**What the task asks:**
Copy each line below holding "with".

**Dataset records:**

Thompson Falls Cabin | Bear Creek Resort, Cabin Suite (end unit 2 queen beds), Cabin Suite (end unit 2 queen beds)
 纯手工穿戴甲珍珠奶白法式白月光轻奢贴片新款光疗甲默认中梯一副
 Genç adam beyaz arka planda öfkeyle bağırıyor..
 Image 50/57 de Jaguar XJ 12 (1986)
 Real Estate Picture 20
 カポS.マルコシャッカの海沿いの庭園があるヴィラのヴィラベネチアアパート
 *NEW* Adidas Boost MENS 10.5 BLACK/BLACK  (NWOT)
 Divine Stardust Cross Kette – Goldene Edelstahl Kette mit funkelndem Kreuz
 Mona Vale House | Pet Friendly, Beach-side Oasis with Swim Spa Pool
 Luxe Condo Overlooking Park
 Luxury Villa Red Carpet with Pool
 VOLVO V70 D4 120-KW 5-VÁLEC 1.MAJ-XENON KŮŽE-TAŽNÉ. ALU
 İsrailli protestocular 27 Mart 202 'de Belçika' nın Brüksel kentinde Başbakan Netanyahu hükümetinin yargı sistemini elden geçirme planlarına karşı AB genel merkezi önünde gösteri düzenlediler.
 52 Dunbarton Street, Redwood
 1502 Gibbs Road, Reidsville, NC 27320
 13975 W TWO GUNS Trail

**The completed task:**
 Mona Vale House | Pet Friendly, Beach-side Oasis with Swim Spa Pool
 Luxury Villa Red Carpet with Pool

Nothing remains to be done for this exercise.